Scientific classification
- Kingdom: Animalia
- Phylum: Cnidaria
- Subphylum: Anthozoa
- Class: Hexacorallia
- Order: Scleractinia
- Family: Acroporidae
- Genus: Acropora
- Species: A. monticulosa
- Binomial name: Acropora monticulosa (Brüggemann, 1879)
- Synonyms: Madrepora monticulosa Brüggemann, 1879;

= Acropora monticulosa =

- Genus: Acropora
- Species: monticulosa
- Authority: (Brüggemann, 1879)
- Conservation status: EN
- Synonyms: Madrepora monticulosa Brüggemann, 1879

Species of coral

Acropora monticulosa is a species of acroporid coral found in the southwest and northern Indian Ocean, the central Indo-Pacific, Australia, Southeast Asia, Japan, the East China Sea and the oceanic west Pacific Ocean. It is also found in the Tuamotus. It occurs in tropical shallow reefs on upper slopes, from depths of 1 to 12 m. It was described by Brüggemann in 1879.

==Description==
The species occurs in colonies with diameters over 3 m in dome-shaped structures. Its digitate colonies contain thick branches that contain a single axial corallite on the end, which the branches taper to. Its radial corallites are uniformly arranged and sized. Acropora monticulosa is cream or blue in colour and has a similar appearance to Acropora globiceps and Acropora retusa.

==Distribution==
It is classed as an endangered species on the IUCN Red List and it is believed that its population is decreasing; the species is also listed under Appendix II of CITES. Figures of its population are unknown, but is likely to be threatened by the global reduction of coral reefs, the increase of temperature causing coral bleaching, climate change, human activity, the crown-of-thorns starfish (Acanthaster planci) and disease.
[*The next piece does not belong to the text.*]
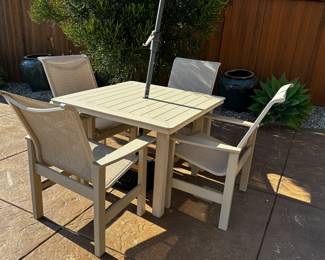 table for 4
The species occurs in the northern and southwestern Indian Ocean, the central Indo-Pacific, Australia, Southeast Asia, Japan, the East China Sea and the oceanic west Pacific Ocean; it also occurs in the Tuamotus. The species is found at depths of between 1 and 12 m in tropical shallow reefs on upper slopes.

==Taxonomy==
It was described as Madrepora monticulosa by Brüggemann in 1879.